In the summer months here, I run around $400 a month for an electric bill. 
	

	
	
		
		



		
			






  If I moved the cook to the oven that would add to it in electric cost by oven usage (which would probably not be much) but it adds to the heat in the house and I can tell a difference in trying to keep the house cool and that really adds up around here.

Now as far as my smoker goes.   I cook damn near everything in my Stumps GF223.  If you are not familiar with them, they really are amazing IMO.   It takes a bit to get them up to temp, but after that, they stay dead on and hold the heat with very little charcoal usage.  I generally use Royal Oak lump since it is readily available and a decent product.  I can usually get a bag for about about $5.50..........I probably use about 2/3 of a bag for an average butt cook of around 12 hours start to finish at 250 degrees.................

..........so all of this nonsense just to say that I probably spend about $4 in charcoal from start to finish.

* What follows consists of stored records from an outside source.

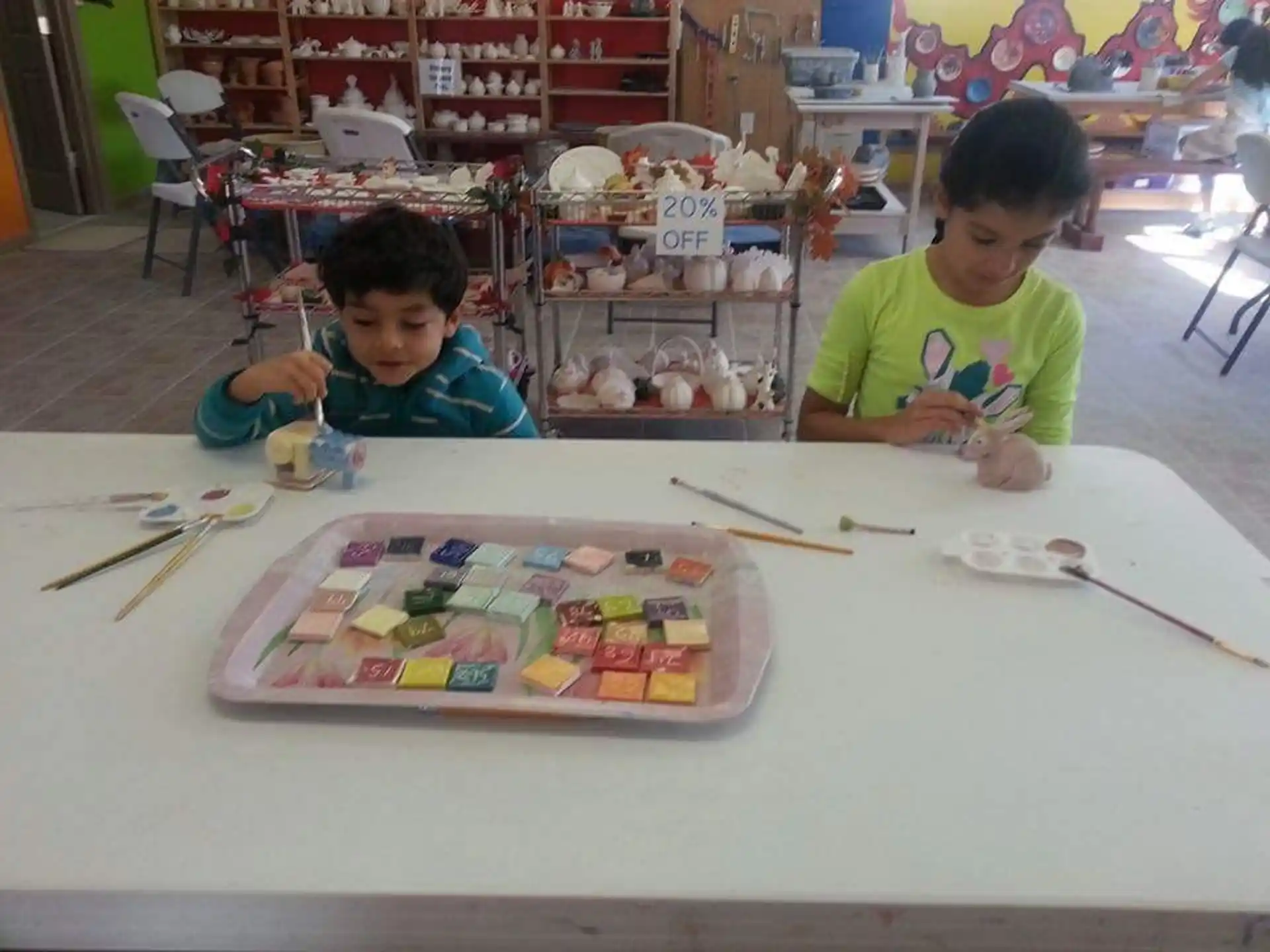 a couple of boys painting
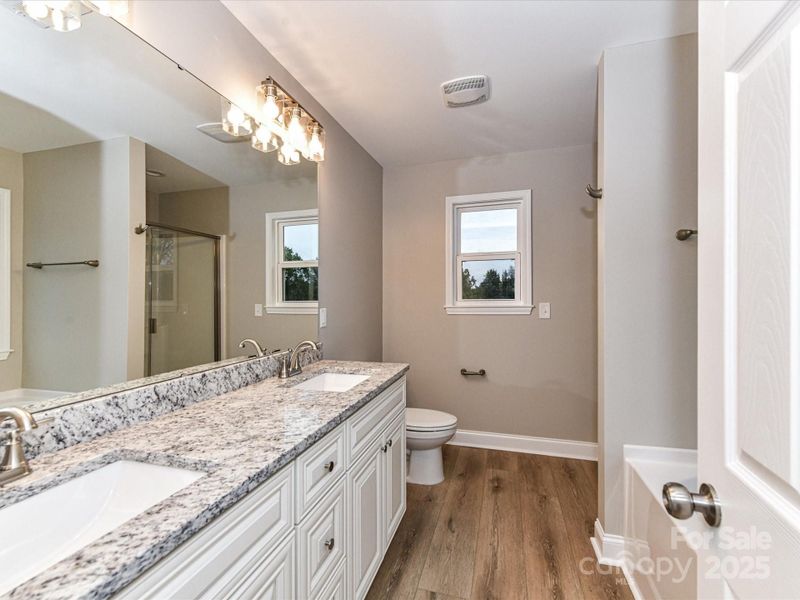 Furnished interior view inside a new home in , Oakboro (Image 13).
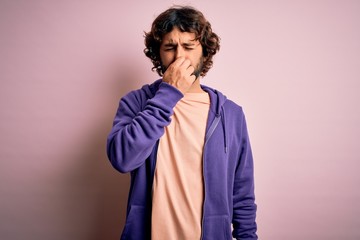 Young handsome sporty man with beard wearing casual sweatshirt over pink background smelling something stinky and disgusting, intolerable smell, holding breath with fingers on nose. Bad smell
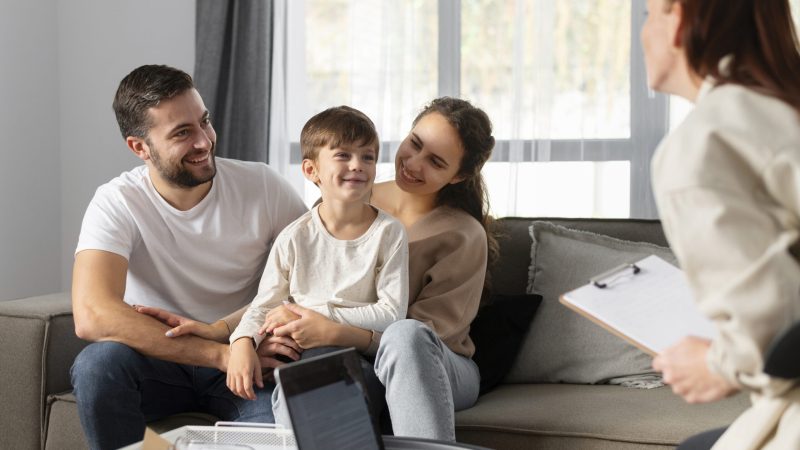 close-up-family-discussing-with-therapist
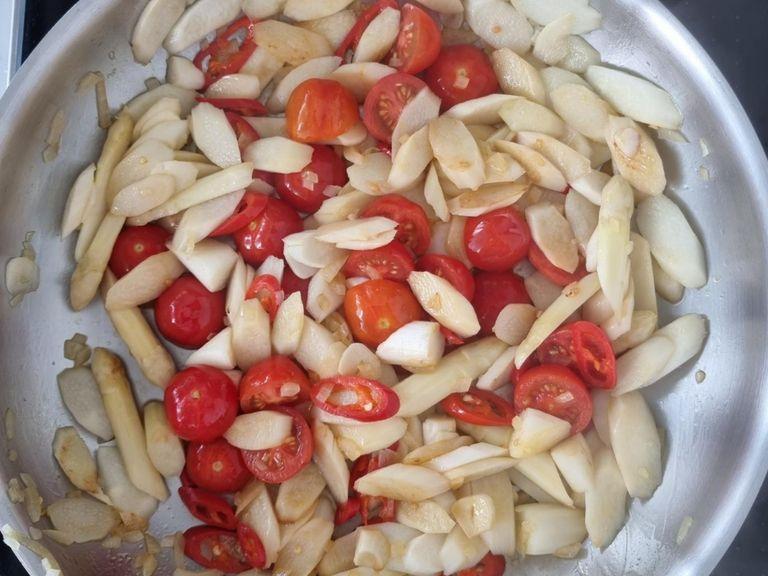 Put on the pasta water. Heat olive oil in a pan. Then sauté the asparagus for 1 min. Then add the chili peppers, onion and garlic and sauté for 5 min. Now add the cherry tomatoes and deglaze with the juice of half a lemon.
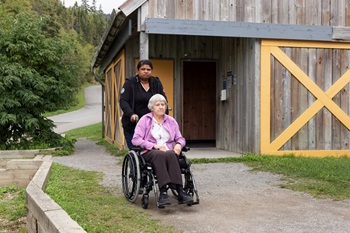 A woman in a wheelchair and a friend in front of a service building.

How about the rest of you?  

Especially curious about the charcoal crowd.....but you no good gas and electric types are welcome to join in as well...........stick burners, that goes for you to....except the "no good" part. 
	

	
	
		
		



		
		
	


	





What does is cost you in fueld to cook a butt?


----------



## richtee (Aug 19, 2008)

I have pondered this as well. You DO have an advantage with the Stumps... but for folks with the fuel hungry SFB's or folks stickburning without a readliy available cheap wood supply, that's prolly the ones who could benifit from an oven finish. It would prolly take me 1-2 small chims of lump to continue the maybe 4-5 hours to finish on a butt in the WSM. Not terrible... My main reason for ovens is lazyness and repeatability/accuracy of temp control. I have a plug in temp probe interface in my oven, and can set 200° and CLICK... off goes the oven.


----------



## fatback joe (Aug 19, 2008)

Oh man, that would be cool.


----------



## bbq bubba (Aug 19, 2008)

Well, a butt cook on the drum takes about 6 lbs of charcoal, so about $3 worth of fuel?
Gas and electricity's gotta cost more than that!


----------



## ck311 (Aug 19, 2008)

I also think the fuel saving may have been pointed towards the propane users. I know I'm one of them but I'm still to new to the long smokes to really give an estimate of what it cost me.


----------



## cajun_1 (Aug 19, 2008)

I agree  ...  RO costs me $5.27 a bag. Last week it was $5.00 per bag.
Wood chunks are usually from the trees I have trimmed.


----------



## richtee (Aug 19, 2008)

Soo.. we agree... the main points being:
1. Availability and cost of fuel
2. Efficiency of the smoker involved.

This of course is considering ONLY the cost savings between the two methods. As I mentioned, I have other considerations for using the oven.


----------



## phreak (Aug 19, 2008)

$400 a month???  dude, you need to have an energy audit(seriously it's free and you get some kick butt rebates for updating A/C, insulation, windows, etc)...as far as finishing in the oven, no way jose...I will admit 1 time I finished a butt in a the big ole crock pot, everyone(except me) loved it...


----------



## richtee (Aug 19, 2008)

Now see  here ya go confusing the issue... with a qualitive judgement when the question was of cost savings/efficiency!  
	

	
	
		
		



		
		
	


	





Heh  sorry  feeling "engineerish" today for some reason.


----------



## fatback joe (Aug 19, 2008)

I have. 
	

	
	
		
		



		
		
	


	





I have 10ft ceilings, the backside of my house is damn near all glass (3 windows and 6 (yes 6) sliding glass doors), fridge and separate freezer in the garage, pool pump running, kids going in and out, TVs, computers, game systems, my wife doesn't work so something is always running...........you get the idea.  Anyhow, for me $400 in the summer is just a fact of life and pretty much on par with my neighbors.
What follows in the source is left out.